The story of Stefan Bellof, whose record remained unbroken for more than 3 decades
The Green Hell, the Graveyard Track, the Cemetery of Eifel - these were some of the names given to the infamous old Nurburgring circuit where death was most likely if you had a major crash. In the early 70s and 80s, this track saw a death in almost every race.
35 years ago, on May 28 1983, the 27-year-old Stefan Bellof absolutely shattered the track record at Nurburgring with a time of 6:11:13. That record remained unbroken for 35 years, until 29 February 2018 when another LMP1 Porsche broke it.
Like any other motorsport great, Bellof started his racing career with karting. His first taste of victory came at the International Karting Championship; after multiple failures, he became German Karting Champion in 1980.
Bellof then moved to Formula Ford, winning it in 1980. After an average Formula 3 season, Bellof stepped into Formula 2 as a test driver for Maurer motorsports.
In 1982, Bellof qualified 9th on the grid and won a sensational race over Satoru Nakajima by a margin of 21 seconds. But he ran out of luck after winning his home race at Hockenheim, finishing the season 4th with 33 points.
Bellof was making a strong impact in the motorsport world, especially with his incredible speed and maneuvering capabilities. In 1983 he joined Rothmans Porsche Team and entered the record books with a time of 6:11:13 around Nordschleife, which stood unbroken for 35 years. He also won the World Endurance in 1984 for Rothmans Porsche.
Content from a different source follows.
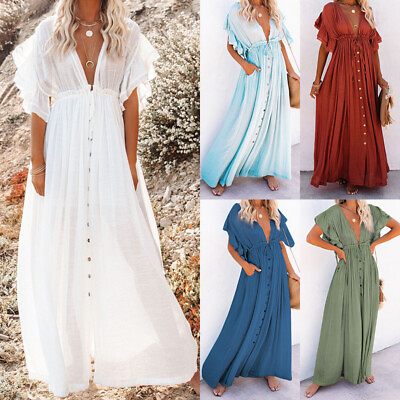 Women Sundress Dress Cover Up Maxi Dress Beachwear Beach Dress Holiday Buttons $16.06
Recognizing his talent, McLaren gave Bellof his first F1 test at Silverstone, where he tested the car along with Martin Brundle and Ayrton Senna. Bellof then drove for Tyrell Racing Organisation in 1984. That season didn't start well for the German, but at the Monaco GP held amidst heavy rain - one of the most contentious races in Formula One history - Bellof managed to finish third despite qualifying 20th and was the only non-turbo car to qualify.
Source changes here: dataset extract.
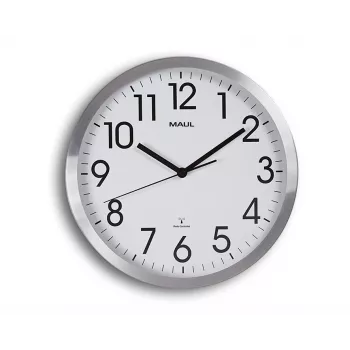 MAUL Wanduhr MAULmove - AA - 1,5 V - Alumīnijs - Balta - Alumīnijs - Stikls - 35 mm (9063008)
After the Monaco GP, Tyrell was disqualified from the championship because of an infringement issue which led to the team being stripped of the championship points.
Bellof started making his mark in 1985 and was believed to have the potential of becoming world champion owing to his excellent car control, speed and his fearless attitude. But he never got the chance to do that.
The motorsport world lost one of its brightest jewels in a tragic accident at Spa 1985 while Bellof was overtaking Jacky Ickx at Eau Rouge.
Bellof had reportedly signed a Ferrari deal for the 1986 season and it was believed that he would soon become the first German world champion.
Martin Brundle, a teammate of Bellof, called him "the fastest driver since Gilles Villeneuve". Bellof was an inspiration for many aspiring German drivers, including Michael Schumacher, the first German world champion in Formula 1.
The 4-time world champion Sebastian Vettel said, "Every German race driver knows who Stefan Bellof was. Back then there was a race each year at his [Bellof's] home kart track, in Oppenrod, which was dedicated to him; it was a great honor to take part, and especially to win it."
The famous motorsport magazine Autosport classified Bellof as the 35th greatest Formula One driver. Following Bellof's death, teams got strict with allowing their drivers to race in other championship events. Safety rules were amended and revised.
All of that shows just how hurt the motorsport fraternity was when it lost an upcoming superstar.